Tuvo que disparar para salvarse y fue necesario que hiciese fustigar a dos hombres por sus continuas crueldades con las mulas. Luego, todos ellos, salvo tres, desertaron y ahuyentaron a los animales. Era el único hombre blanco en medio de un grupo de mestizos.

De repente, recordando la advertencia de sir Lawrence «i Lánzale la mirada boticeliana, Dinny!», levantó los ojos hacia los suyos, astutos y fríos.

– ¿Podría leerle unos fragmentos de su Diario? – Bueno, si hay tiempo.

– ¿Cuándo?

¿Esta noche? He de irme mañana, después de la cacería.

– Elija usted el momento – dijo ella, audazmente.

– Antes de cenar va a ser imposible. Tengo que escribir algunas cartas urgentes.

– Puedo quedarme levantada toda la noche, si es necesario – repuso, sorprendiéndose mientras le echaba una mirada escudriñadora.
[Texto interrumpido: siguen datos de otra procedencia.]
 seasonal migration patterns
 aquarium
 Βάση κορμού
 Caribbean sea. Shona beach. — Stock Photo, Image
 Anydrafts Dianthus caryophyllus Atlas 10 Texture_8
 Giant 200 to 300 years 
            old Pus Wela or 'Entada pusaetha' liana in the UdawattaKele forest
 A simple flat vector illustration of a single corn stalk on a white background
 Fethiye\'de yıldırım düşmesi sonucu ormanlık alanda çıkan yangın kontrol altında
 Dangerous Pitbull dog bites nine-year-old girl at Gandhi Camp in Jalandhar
– Veremos – respondió él, bruscamente.

En ese momento fueron alcanzados por los demás. Logrando evitar la última batida de la cacería, Dinny regresó sola a casa. Su sentido del humor la cosquilleaba, pero se sentía algo perpleja. Con mucha astucia, llegó a la conclusión de que el Diario no produciría el efecto deseado, de no convencerse lord Saxenden de que podría sacar de él alguna ventaja personal; y más claramente que nunca vio lo difícil que resultaba pedir algo sin desprenderse de nada.
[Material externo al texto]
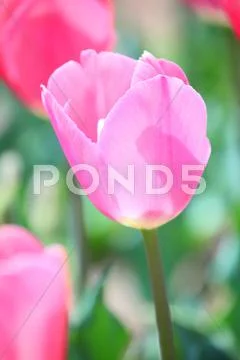 Tulips Stock Photos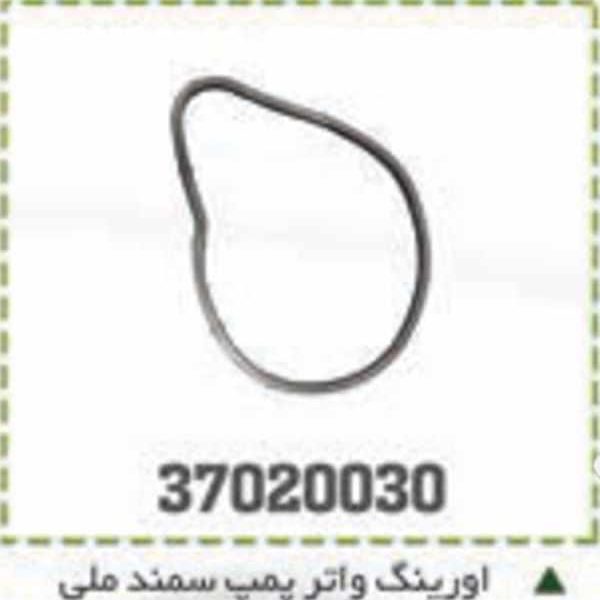 اورینگ واتر پمپ سمند ملی
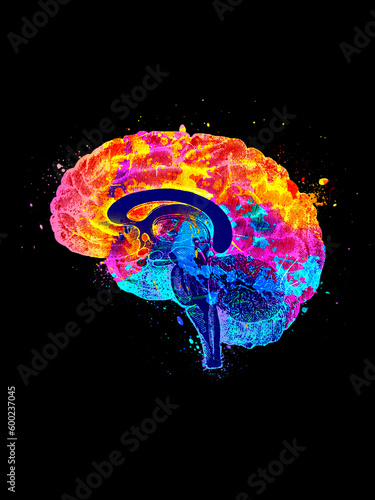 Colorful watercolor human brain art,  Watercolor brain structure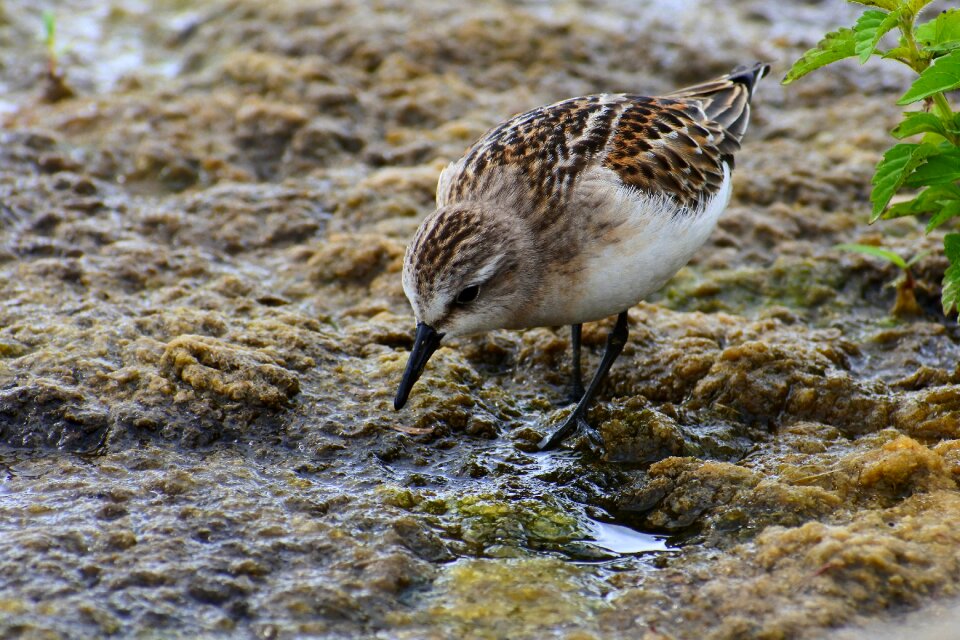 Little bird the department of account manager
Una bandada de palomos silvestres se levantó de unas cuantas gavillas que estaban a su derecha, y cruzó volando en dirección al bosque, a orillas del río. La luz extendíase horizontalmente y los rumores del atardecer flotaban en el aire. El sol, que se ponía, proyectaba sus últimos rayos dorados sobre los rastrojos; las hojas, recién brotadas eran una promesa de color y, a lo lejos, la -línea azul del río brillaba entre los árboles que lo bordeaban. En el aire, el olor húmedo y ligeramente acre del otoño incipiente se mezclaba con el del humo de leña que ya se levantaba de las chimeneas de las casas de campo. ¡Una hora maravillosa, un maravilloso-atardecer! ¿Qué párrafos del Diario podía leer? Su mente titubeaba. Veía el rostro de Saxenden mientras decía: «¿Su hermano? Ah!» Veía detrás de aquella risa su carácter duro, rígido, calculador e insensible. Recordaba las palabras de sir Lawrence. «¿Que si los había, querida? ¡ Hombres de valía inapreciable!»